Volume 473: debated on Wednesday 12 March 2008

To ask the Secretary of State for Work and Pensions what barriers to work for benefit claimants his Department has identified; and how his Department defines barriers to work. (190308)

The Department does not have an official definition of a barrier to work. In operational terms, barriers are often considered to be those factors which research shows are highly correlated with long durations on benefit.

Those with the biggest barriers to work include:

older workers,

lone parents,

people with disabilities, and

long-term jobseeker’s allowance claimants.

Other groups facing significant barriers include:



recovering drug users,

people with learning difficulties,

people of no fixed abode,

people on probation,

people leaving care, and

people in contact with secondary mental health services.

Former members of HM forces also often face considerable barriers to work. In many cases individuals will have more than one of these barriers influencing their ability to gain employment.

In addition, a key barrier to work is that many benefit claimants are not actually looking for work. An important part of the Government’s Welfare Reform policy is to incentivise and encourage claimants to actively return to the labour market.

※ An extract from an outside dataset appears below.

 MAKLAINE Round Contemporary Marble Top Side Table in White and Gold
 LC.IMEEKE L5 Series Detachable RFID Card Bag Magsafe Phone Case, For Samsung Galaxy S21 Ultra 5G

The December 2007 report “Ready for work, full employment in our generation” and the January 2008 report “Ready to work, skilled for work: unlocking Britain’s talent” set out our plans to address many of these barriers. Having previously focused on specific groups with lower employment rates, and having been largely successful in raising them, the Government are now increasingly moving to an individualised, flexible approach to ensure as many people as possible have the support they need to get into, and stay, in work.